Evals
Built-in evaluation harness for AI agents — compare MCP tool runs side-by-side to measure quality and guide prompt and tool improvements.
Evals let you compare two runs against the same prompt to measure quality differences — between models, prompts, or tool sets.
Why evals?
Without evals, improving agents is guesswork. Evals give you a structured, repeatable way to answer questions like:
- Is Claude 3.5 Sonnet actually better than GPT-4o for this task?
- Did my prompt change improve or regress quality?
- Which tool set produces the most accurate results?
Running an eval
- Open the Evals panel (⌘3)
- Click New eval
- Select a baseline run (what you're comparing against)
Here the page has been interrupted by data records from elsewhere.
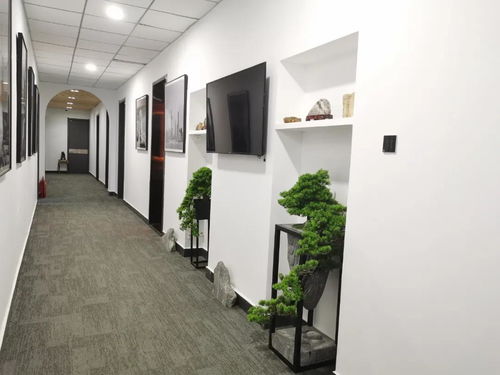 智能化融合 酒店设计与工装设计的新纪元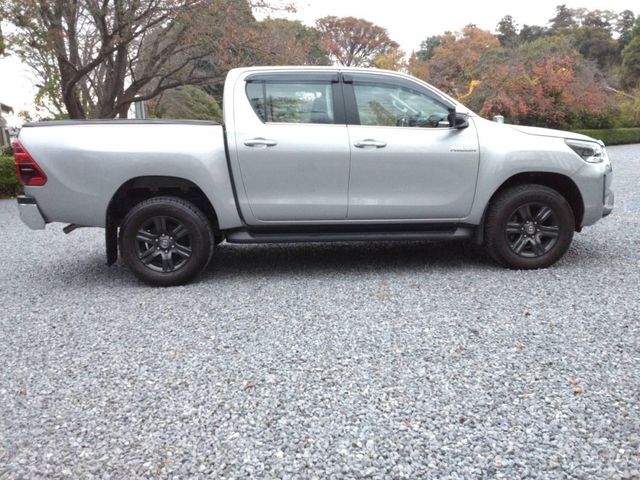 TOYOTA HILUX 4WD 2020 Image 31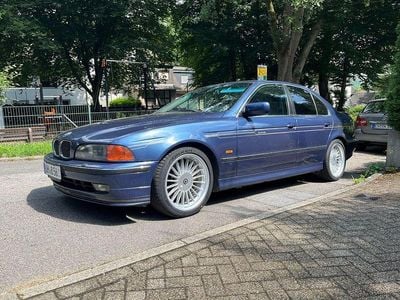 Gebraucht Alpina B10 340 PS (250 kW) 1998 Blau Limousine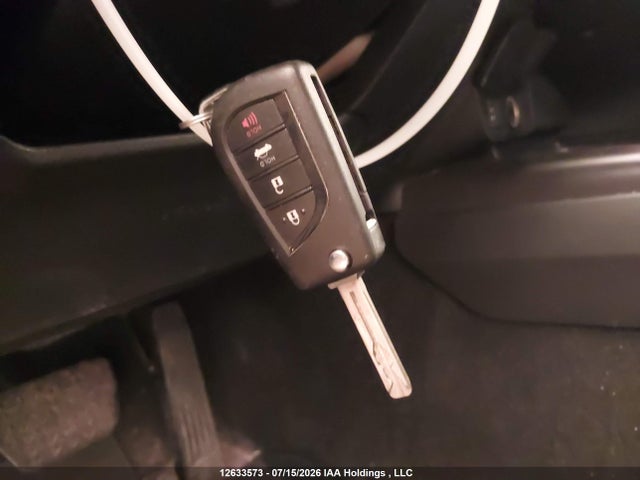 12633573 :رقم المزاد ، 4T1G11AK9PU776563 vin ، 2023 Toyota Camry Se مزاد بيع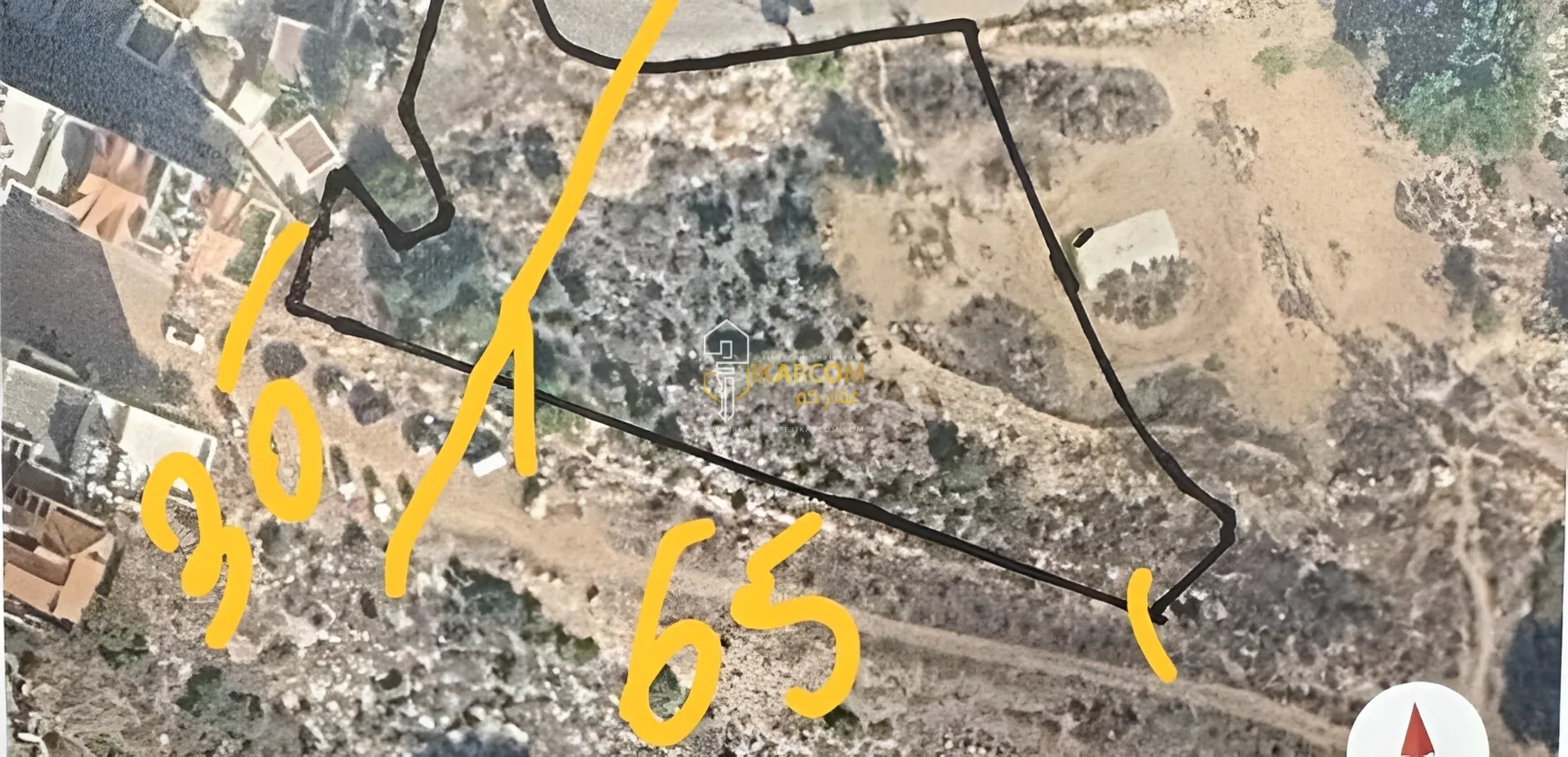 Land for Sale in Metn, Biaqout, Lebanon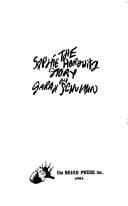 Tapa de Sophie Horowitz Story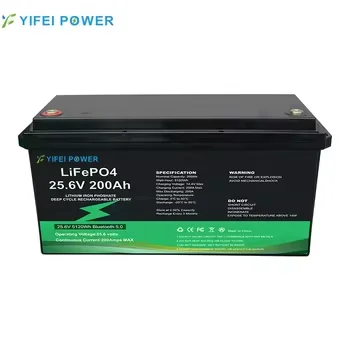Wholesale Auto Battery 48v 12v 100ah Lithium Ion 12.8V 25.6V 100Ah LifePO4 Lead-Acid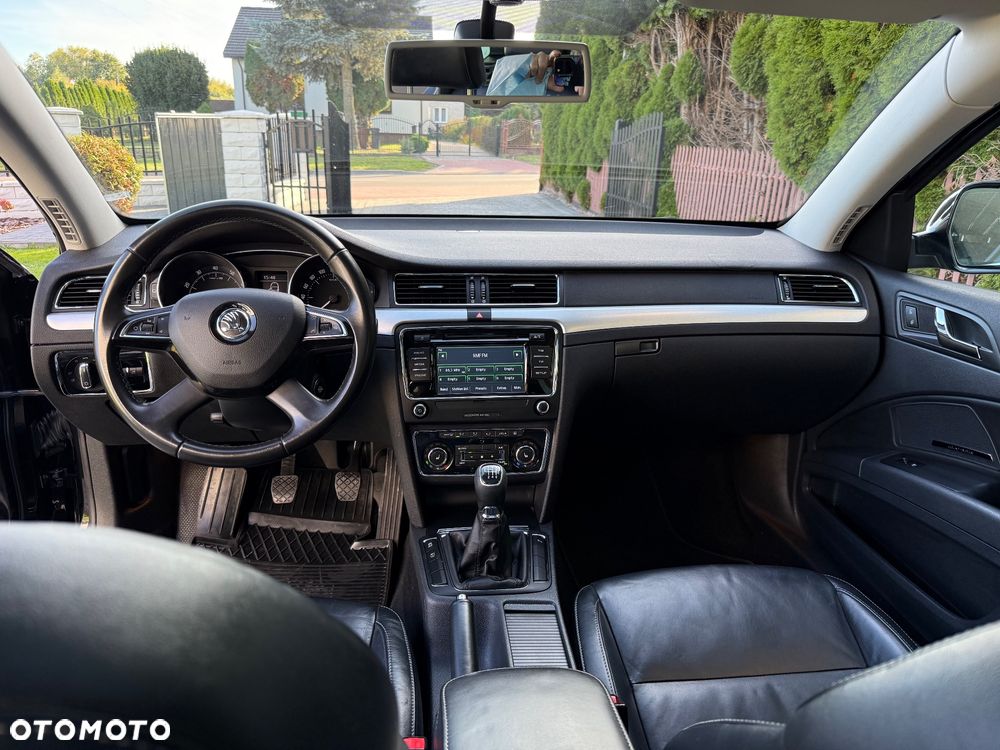 Skoda Superb - 12
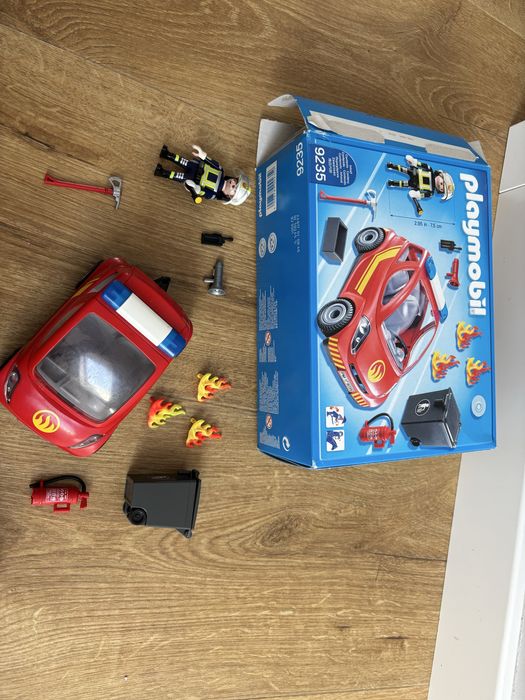 Playmobil 9235 Straż pożarna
- Configure the challenger — a different model, prompt, or tool set
- Click Run eval
Both runs execute against the same input, and the results are shown side-by-side.
Eval metrics
| Metric | Description |
|---|---|
| Duration | Wall-clock time for each run |
| Token usage | Prompt + completion tokens |
| Step count | Number of tool calls and model steps |
| Output diff | Side-by-side diff of the final output |
Eval scoring
You can add a scorer to automatically grade outputs. Built-in scorers:
- Exact match — output must equal expected string
- Contains — output must include a substring
- JSON valid — output must be parseable JSON
- LLM judge — a second model grades the output on a rubric (requires API key)
Custom scorers are JavaScript functions that receive the run output and return a score between 0 and 1.
Eval history
All eval results are stored in SQLite alongside run data. The Evals panel shows a history of all past evaluations with their scores, making it easy to track improvement over time.